• _DATA FOR THIS EXERCISE_
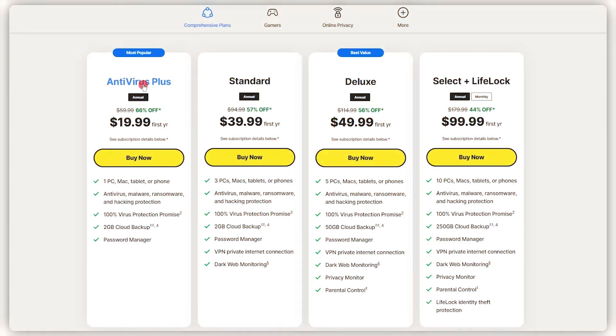Now, let's move on to the second category you should consider when choosing an antivirus, which is going to be cost and value. First of all, antivirus options vary from free to premium packages, so it's important to assess your budget and compare feature sets to find the right balance between cost and protection.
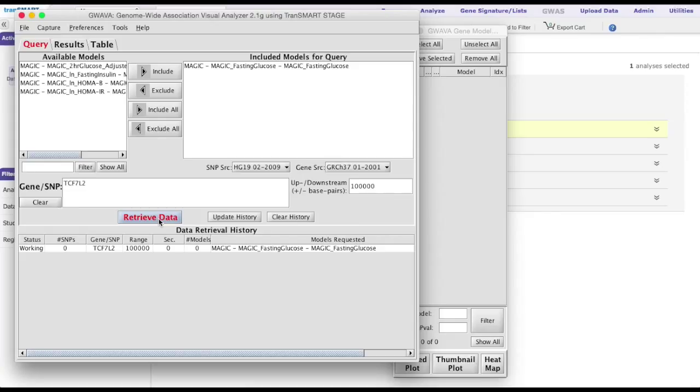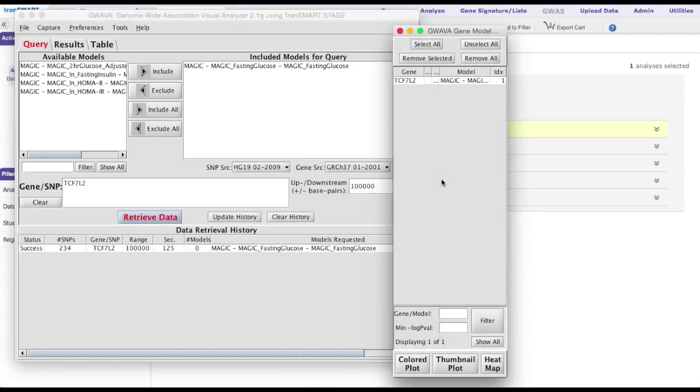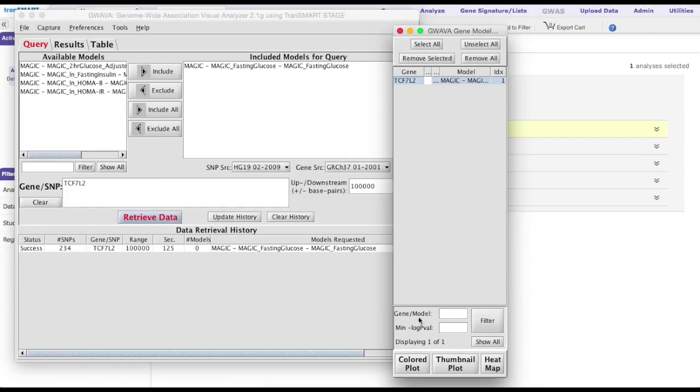Once the status is changed from working to success, the guava gene model selection window will populate a list of the genes of interest. Selecting on one of the genes and clicking on the colored plot will display the Manhattan plot.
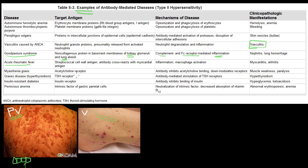Acute rheumatic fever involves a streptococcal cell wall antigen where the antibody cross-reacts with a myocardial antigen. Initially, antibodies are doing a good job attacking the streptococcal infection by identifying an antigen inside the cell wall. However, by mechanisms not fully understood, there is a cross-reaction of this antibody with a myocardial antigen — the antibody gets confused and starts attacking your heart, targeting proteins from the myocardial tissue.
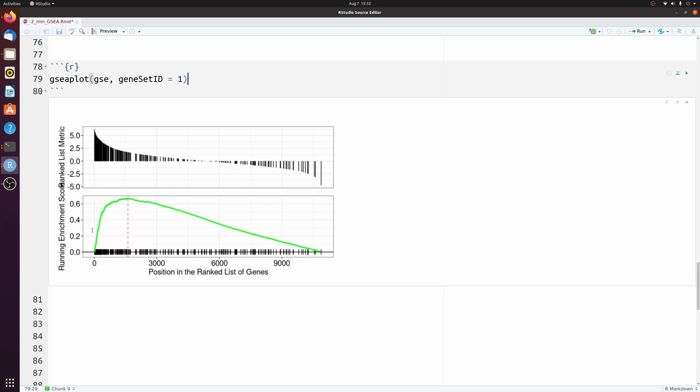And then the running enrichment shown in green increases when there's a lot of genes close together. And then you can see it falls off as the genes become more sparse in the list. And then the enrichment score will be the maximum of that.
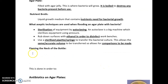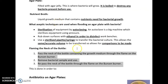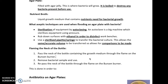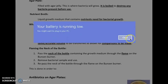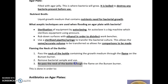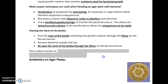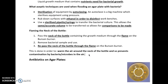Another technique is flaming the neck of the bottle. Whenever the bacterial growth medium is being used to take bacteria out using a pipette, the neck of the bottle needs to be passed through a flame on the Bunsen burner. You take the bottle, open the lid, flame the neck of the bottle, remove the sample using your sterilized pipette, and then re-pass the neck of the bottle through the flame. The reason this is done is to warm the area around the neck of the bottle, which prevents any contamination by bacteria that might be in the air.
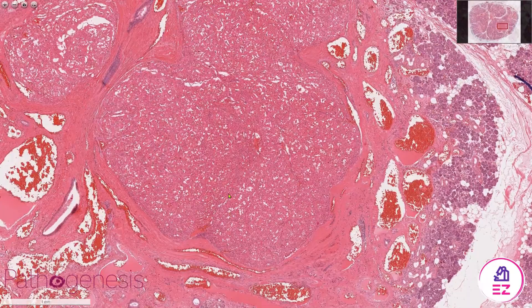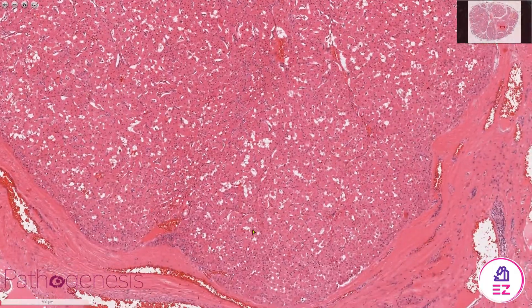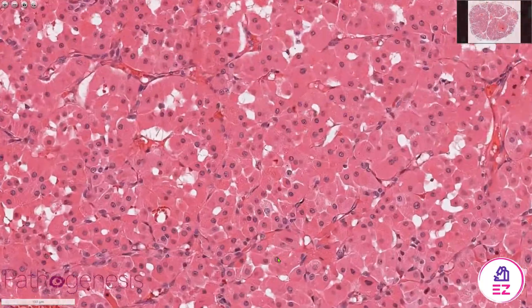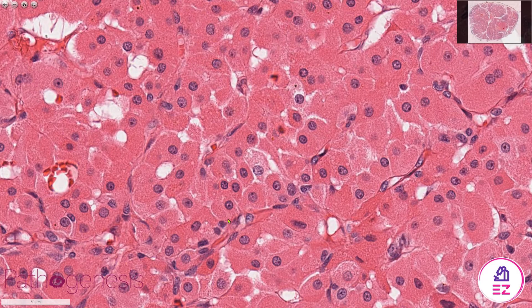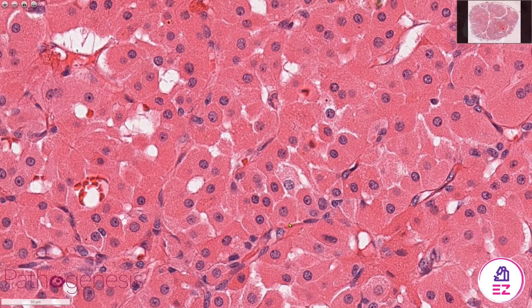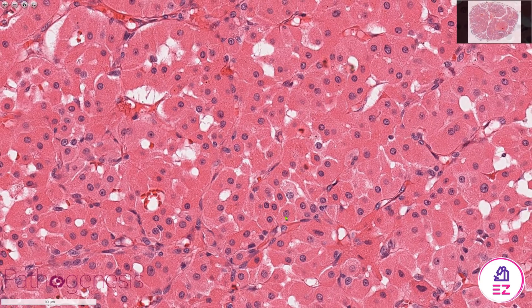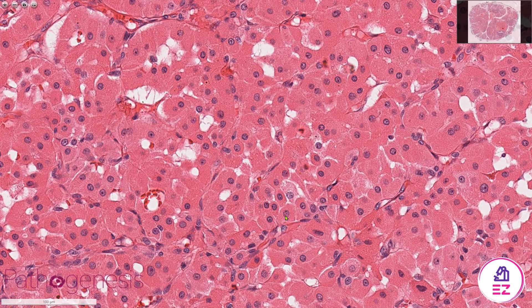This particular oncocytoma has a fairly solid appearance with a hint of a trabecular appearance in places. Looking at the individual cells, the oncocytes are often polygonal in shape with well-defined cell borders, and they're brightly eosinophilic with a granular appearance to the cytoplasm. The nucleus is nice and round without any pleomorphic features, and generally I wouldn't expect to see any mitoses or other concerning cytological features, as it is benign.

• _HOW TO COMPLETE THIS TASK_
Each record above must be retyped exactly, minus its pictures.

• _TASK RESPONSE_
Now, let's move on to the second category you should consider when choosing an antivirus, which is going to be cost and value. First of all, antivirus options vary from free to premium packages, so it's important to assess your budget and compare feature sets to find the right balance between cost and protection.
Once the status is changed from working to success, the guava gene model selection window will populate a list of the genes of interest. Selecting on one of the genes and clicking on the colored plot will display the Manhattan plot.
Acute rheumatic fever involves a streptococcal cell wall antigen where the antibody cross-reacts with a myocardial antigen. Initially, antibodies are doing a good job attacking the streptococcal infection by identifying an antigen inside the cell wall. However, by mechanisms not fully understood, there is a cross-reaction of this antibody with a myocardial antigen — the antibody gets confused and starts attacking your heart, targeting proteins from the myocardial tissue.
And then the running enrichment shown in green increases when there's a lot of genes close together. And then you can see it falls off as the genes become more sparse in the list. And then the enrichment score will be the maximum of that.
Another technique is flaming the neck of the bottle. Whenever the bacterial growth medium is being used to take bacteria out using a pipette, the neck of the bottle needs to be passed through a flame on the Bunsen burner. You take the bottle, open the lid, flame the neck of the bottle, remove the sample using your sterilized pipette, and then re-pass the neck of the bottle through the flame. The reason this is done is to warm the area around the neck of the bottle, which prevents any contamination by bacteria that might be in the air.
This particular oncocytoma has a fairly solid appearance with a hint of a trabecular appearance in places. Looking at the individual cells, the oncocytes are often polygonal in shape with well-defined cell borders, and they're brightly eosinophilic with a granular appearance to the cytoplasm. The nucleus is nice and round without any pleomorphic features, and generally I wouldn't expect to see any mitoses or other concerning cytological features, as it is benign.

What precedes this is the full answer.